December 2017 books, and 2017 roundup

This is the latest post in a series I started in late 2019, anticipating the twentieth anniversary of my bookblogging which will fall in 2023. Every six-ish days, I’ve been revisiting a month from my recent past, noting work and family developments as well as the books I read in that month. I’ve found it a pleasantly cathartic process, especially in recent circumstances. If you want to look back at previous entries, they are all tagged under bookblog nostalgia.

December 2017 started with a trip to Amsterdam, where I found the apartment where Anne Frank and her family had lived before going into hiding.

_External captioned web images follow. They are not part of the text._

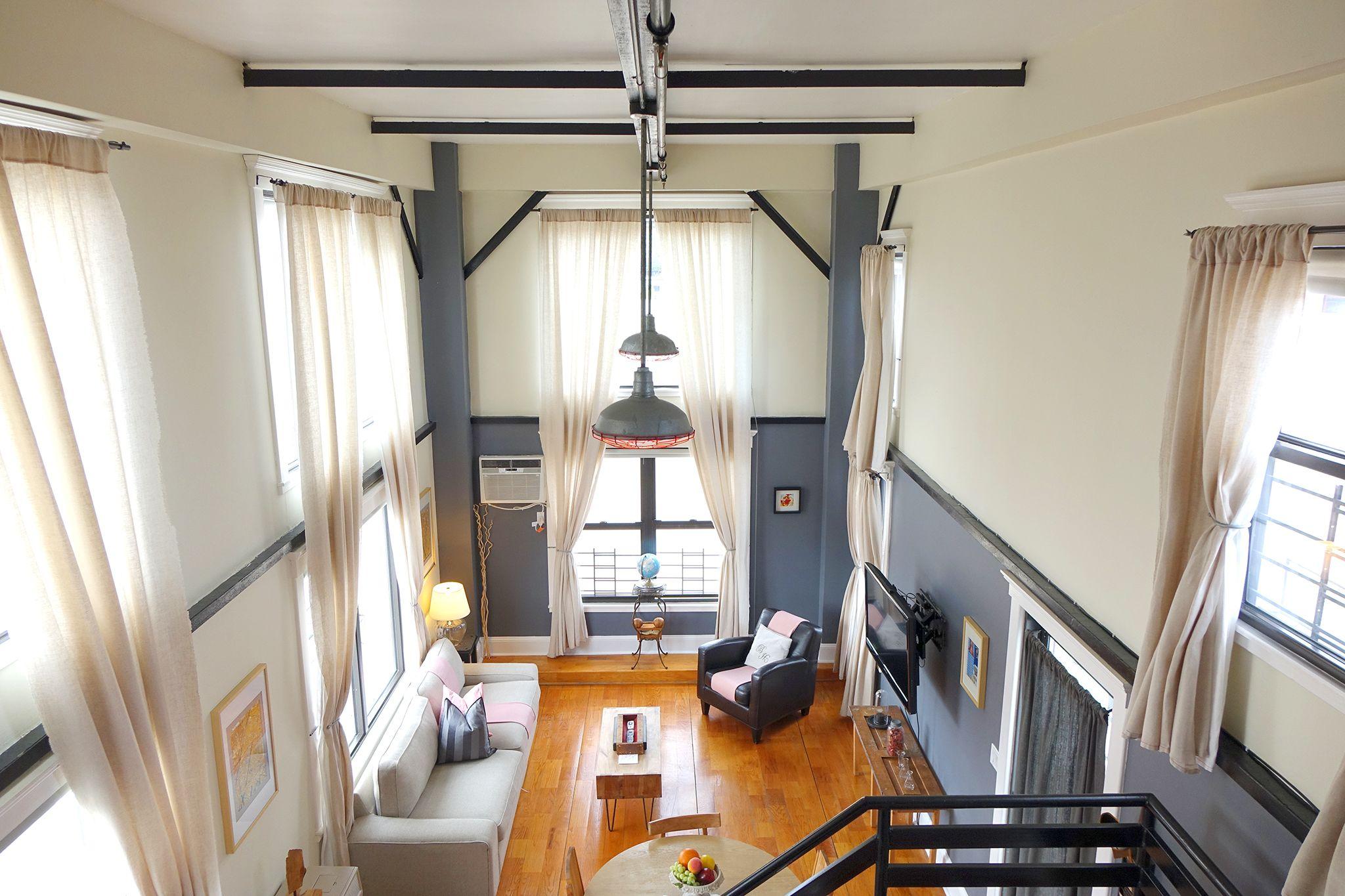 The Box House (adults Only) New York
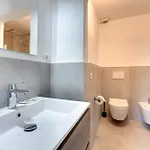 Capponi 95 Firenze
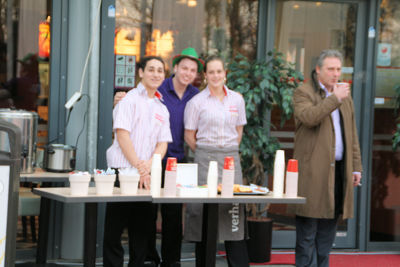 Foto 65 uit VeiligOndernemen9_2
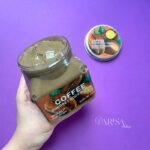 اسکراب بدن میوه ای Wokali - Image 12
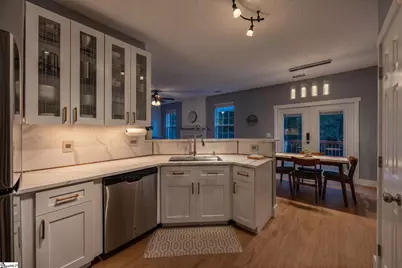 117 Waterton Way, Simpsonville, SC 29680 - Photo 8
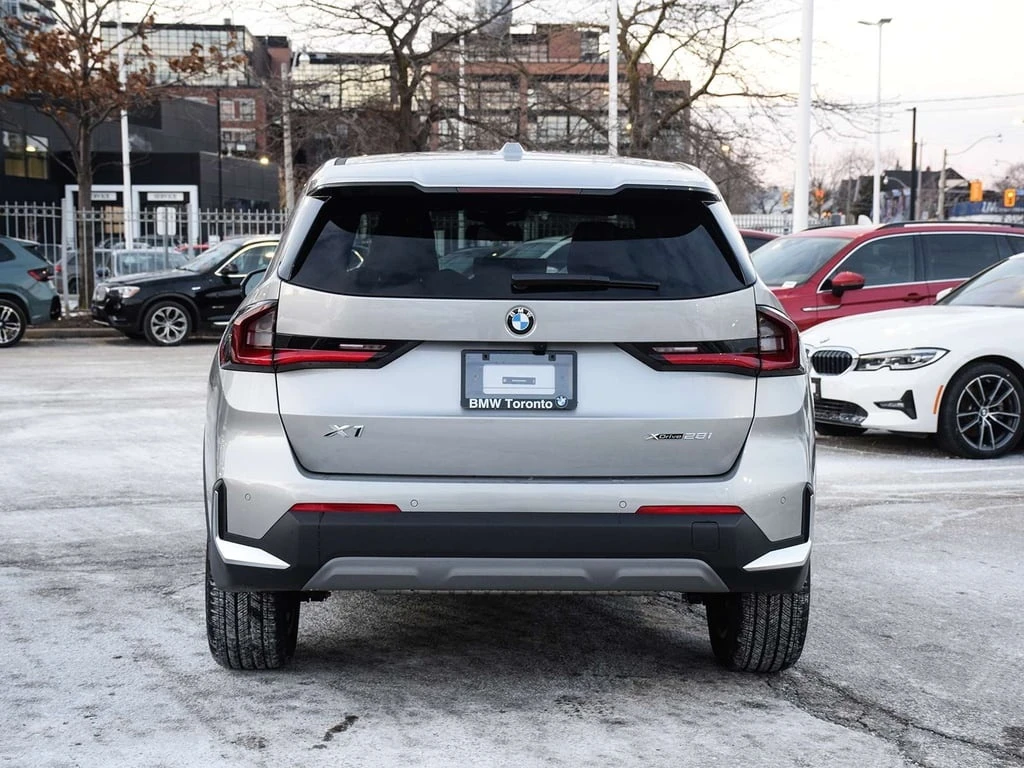 BMW X1 * XDrive28i * CARFAX * ���� �� �� | Mobile.bg � ����������� 6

I went to London twice, the second time for the office party with a James Bond theme:

I also had a day trip to Milan.

H joined us for Christmas, as so often.

I also answered the classic question, which lines of latitude and longitude pass through the most countries?

I had spent nights away from home in 20 places in 11 countries, and tansited another four in the course of the year.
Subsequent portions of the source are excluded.